Assigned task.
Your answer must be the lines from the one containing "Σταϊκούρας: Η Ελλάδα" through the last line of the records below, copied exactly, with the pictures left out.
==== Data to process
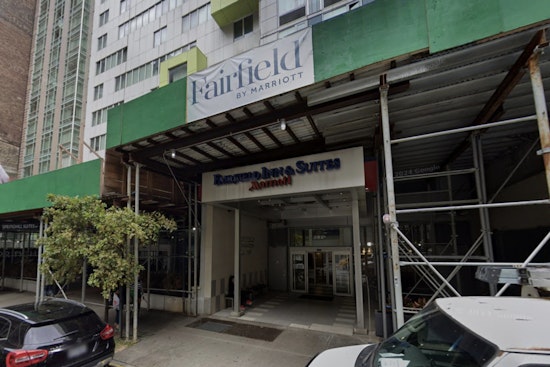 Ohio Senior-Living Firm Quietly Snaps Up Midtown Marriott For $40M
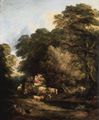 Gainsborough, Thomas: Der Marktkarren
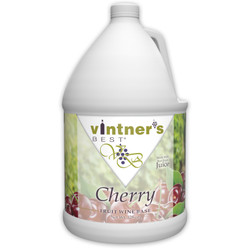 Fruit Wine Base - Cherry (128 oz.)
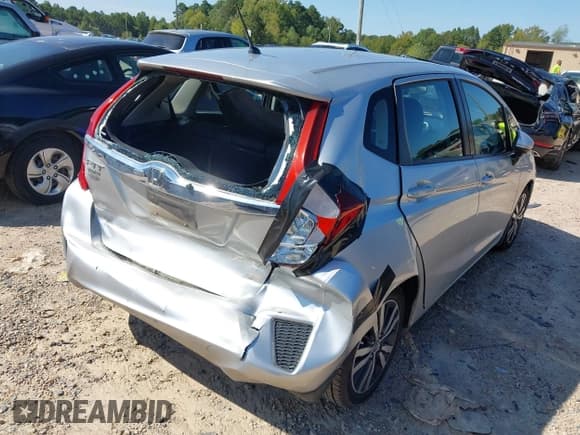 ✅ 2015 Honda Fit EX-L • VIN: 3HGGK5H82FM775004 • Lot: 43148169. Wystawiony na IAAI z przebiegiem 177 239 mil. Bezpłatny archiwum sprzedaży aukcyjnych z USA i szczegółowy raport historii pojazdu na DreamBid. Zdjęcie 6.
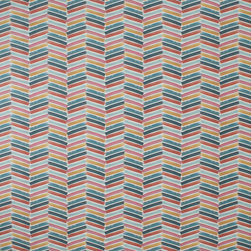 Okada Watermelon - Upholstery Fabric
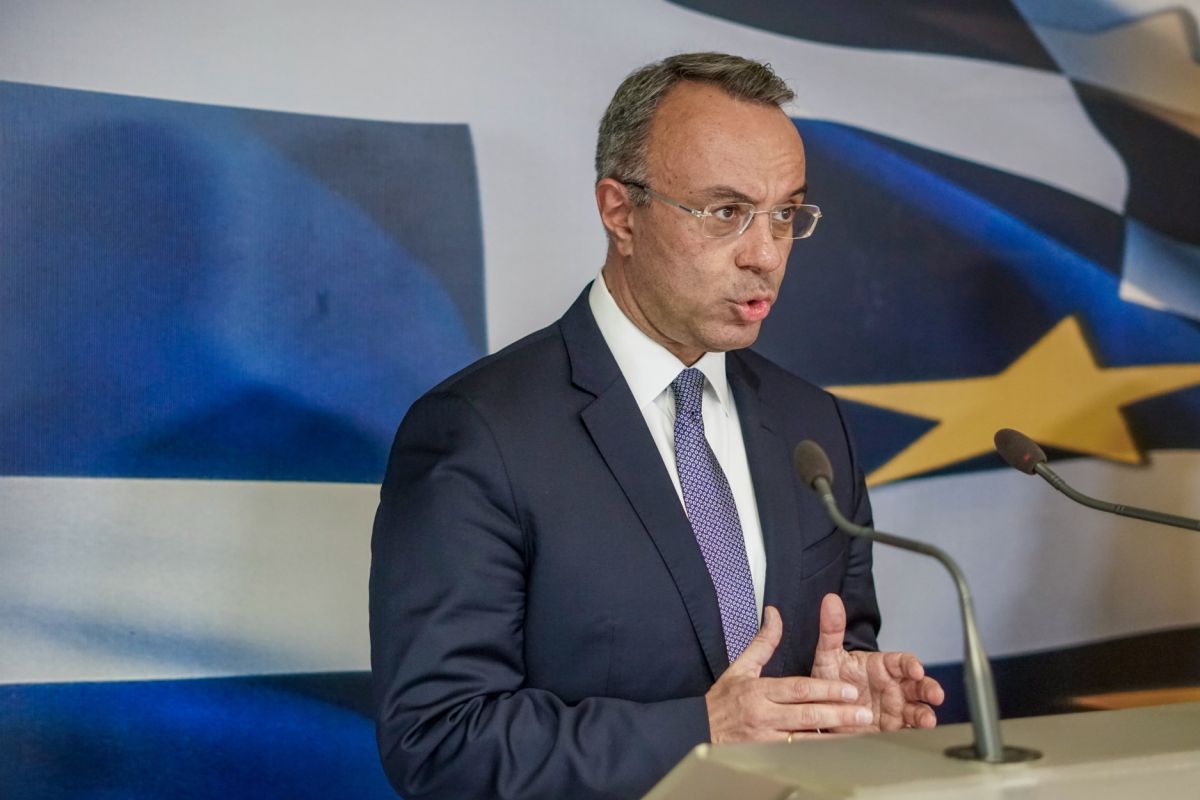 Σταϊκούρας: Η Ελλάδα δεν θα επιστρέψει σε ύφεση το 2023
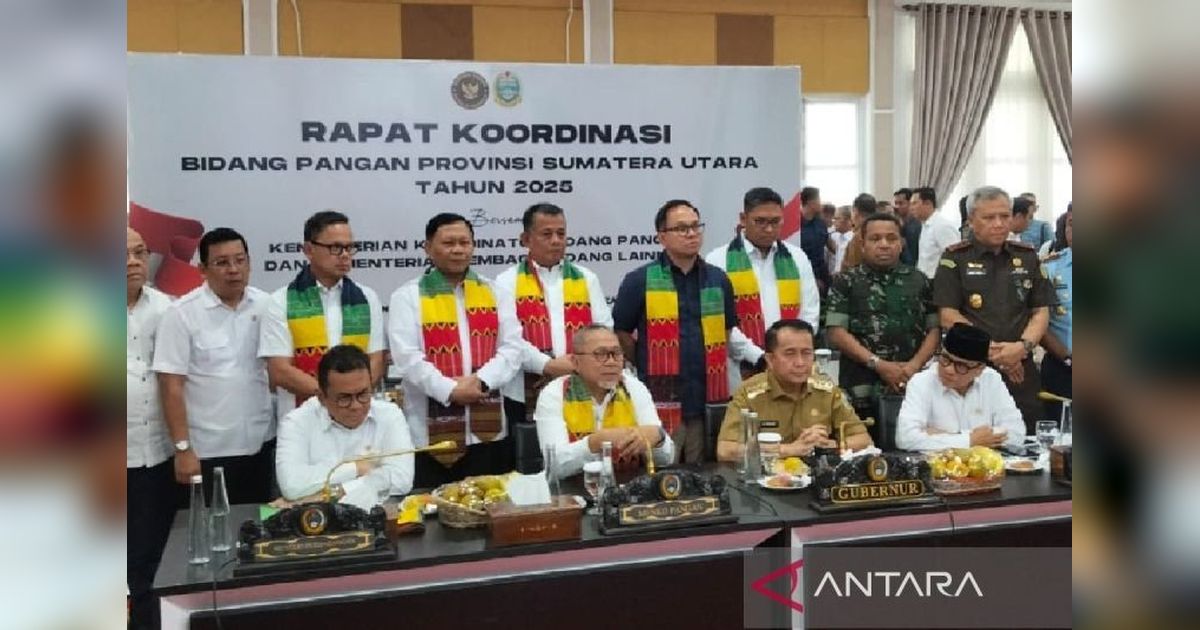 Sumut Kekurangan 3.142 Penyuluh Pertanian: Tantangan Ketahanan Pangan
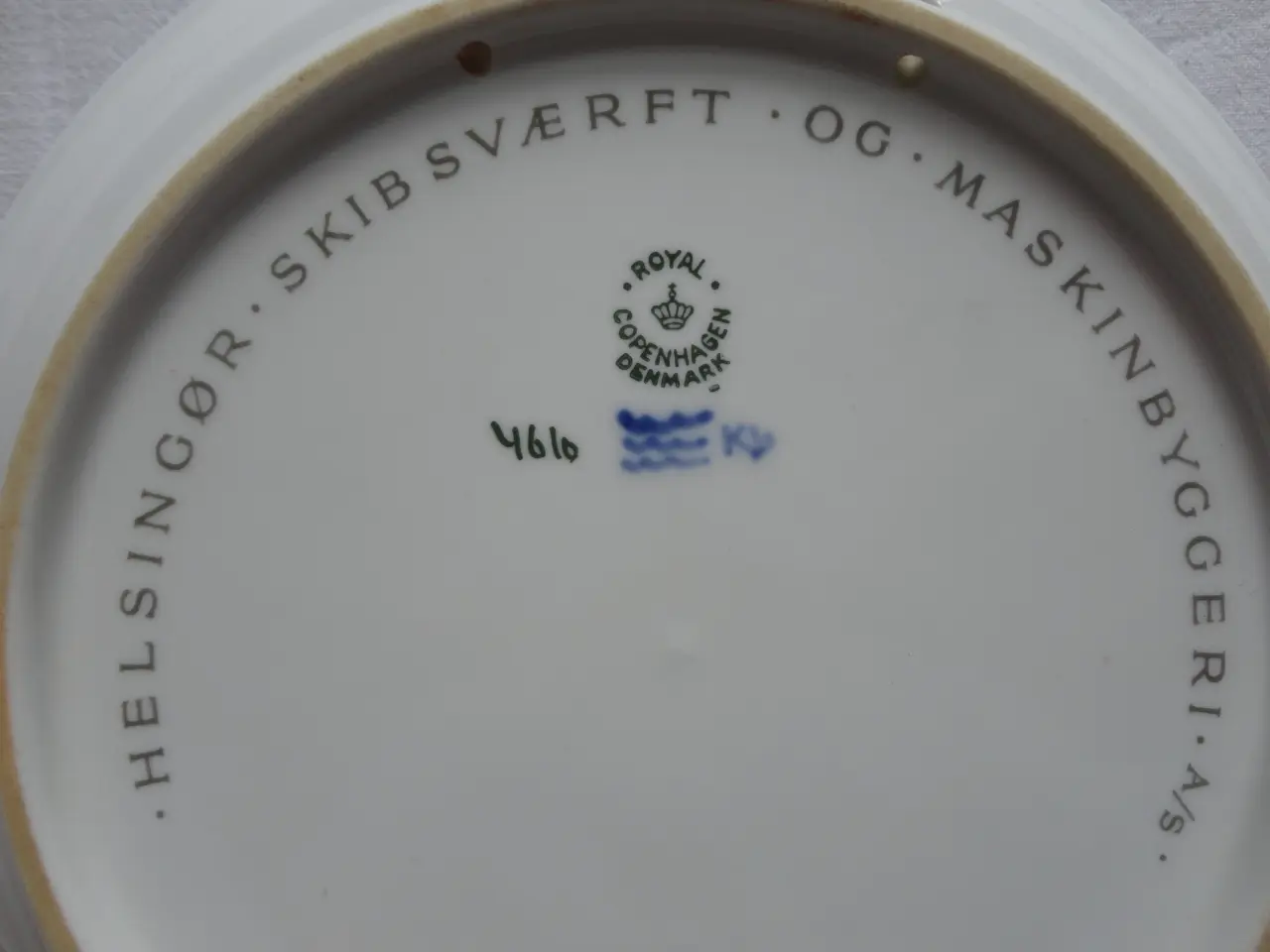 Billede 2 - Helsingør Skibsværft - H S M  :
========
Answer space.
 Σταϊκούρας: Η Ελλάδα δεν θα επιστρέψει σε ύφεση το 2023
 Sumut Kekurangan 3.142 Penyuluh Pertanian: Tantangan Ketahanan Pangan
 Billede 2 - Helsingør Skibsværft - H S M  :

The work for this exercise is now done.